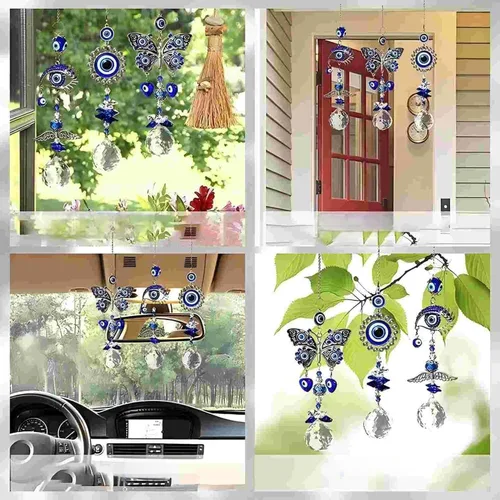 Miniatura 9 de Colgante de cristal azul con dije de ojo malvado, mariposa, ángel, girasol, talismán, atrapa el sol, hecho a mano, dije de buena suerte, oficina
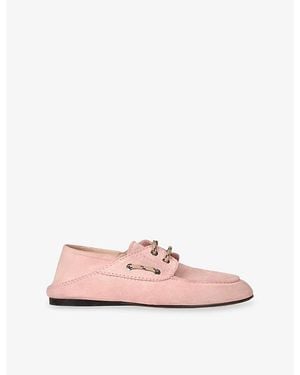 Sandro Foldable Suede Boat Loafers - Pink
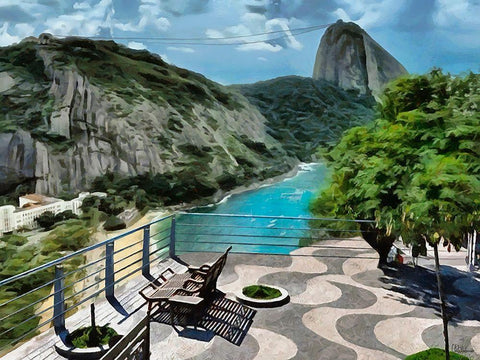 View in Rio de Janeiro White Modern Wood Framed Art Print with Double Matting by Medeiros, Celito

= = =

| EXERCISE |
Repeat word for word the lines from the one holding "Sandro Foldable Suede Boat Loafers - Pink" through the last line of the listing above, including both ends. Drop the pictures.

| EXERCISE RESPONSE |
 Sandro Foldable Suede Boat Loafers - Pink
 View in Rio de Janeiro White Modern Wood Framed Art Print with Double Matting by Medeiros, Celito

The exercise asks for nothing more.